Many people may not realize, including some attorneys, that each installment of overdue support owed by a noncustodial parent becomes a lien by operation of law against the real and personal property of the noncustodial parent. That means that these liens “arise” whenever child support becomes past due!
This is a kind of super lien that we do not often see in other areas of the law. Most liens do not arise simply “by operation of law”. These liens arise without any action needing to be taken by anyone.
Most liens focus either on real property or personal property, but the overdue child support lien applies both to real property and personal property. This can be confusing, even for lawyers. In a recent Illinois case, the issue was confusing even for a trial court judge.
In that case, a child support debtor owned some real property in trust. The kind of trust in which he owned the property is known as an Illinois Land Trust. Illinois land trusts are unique in that a bank usually holds title to the property, and the real owner in interest has only what is considered to be a beneficial interest in the land.
People own property in land trusts to avoid creditors. When a creditor obtains a judgment lien and records the judgment lien in the county in which the real property is located, it does not attach to beneficial interests in land trusts because they are not considered interests in real estate. Judgment liens only become liens against interests in real estate.
For these reasons, the trial court found that the lien for child support did not apply to the real property that was owned in the land trust. On appeal, however, that decision was overturned because of the “super lien” nature of liens for unpaid child support. It didn’t matter whether the ownership was considered an interest in real property or personal property, liens for unpaid child support apply to both, and they apply by operation of law.

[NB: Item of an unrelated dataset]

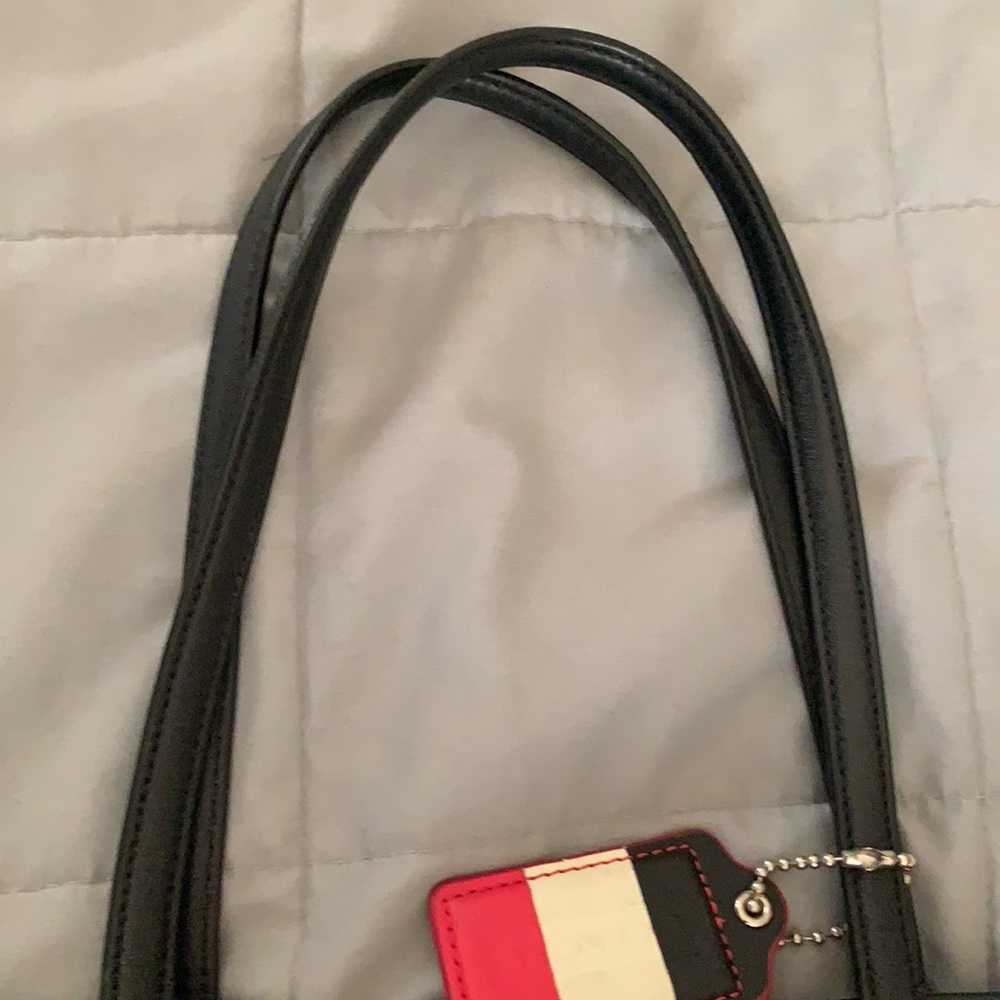 Authentic Coach tote - Picture 5 of 7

A person owing child support should recognize the far-reaching nature of the liens that apply for unpaid child support. This is good incentive to pay your child support!

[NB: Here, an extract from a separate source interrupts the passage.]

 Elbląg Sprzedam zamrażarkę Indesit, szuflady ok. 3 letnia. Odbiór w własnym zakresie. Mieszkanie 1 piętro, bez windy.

For the person who is owed child support, these liens are a good thing, but you need to be aware of some additional information. Even though a lien arises by operation of law, that fact does not mean that a lien automatically attaches. Liens need to be perfected. That is, something usually needs to be done in order to make sure that the lien “attaches” and is effective to prevent property from being sold without paying off the lien.
That something extra is usually a notice or recording of some kind. In the case described above, the lien was recorded against the real estate, and a notice of the lien was sent to the owner. The court said that this was a satisfactory way of perfecting/attaching the lien.
The key is that something must be done in order to protect your rights to payment of unpaid child support. When someone refuses or fails to pay child support, unless the State has stepped into to help try to collect it, you need to do something, and perfecting the lien that arises by operation of law is one way to help ensure that the support will be paid.
If you are owed unpaid child support that has not been collected, it may be time for you to make a visit with an attorney to talk about what needs to be done to perfect the lien and put you in the best possible position of recovering payment of that past due child support. Of course, if the debtor has no assets and no income, there is not much a person can do. You can’t get blood out of a stone, as the saying goes.
Just because a person does not currently have any assets or income, however, does not mean that that person will forever not have any assets or income. People sometimes inherit money. There can be lottery or riverboat winnings, and other circumstances in which people come into money, at least for a time. If you are owed past due child support, learning about and understanding your right to be paid and the methods by which you can compel payment is important.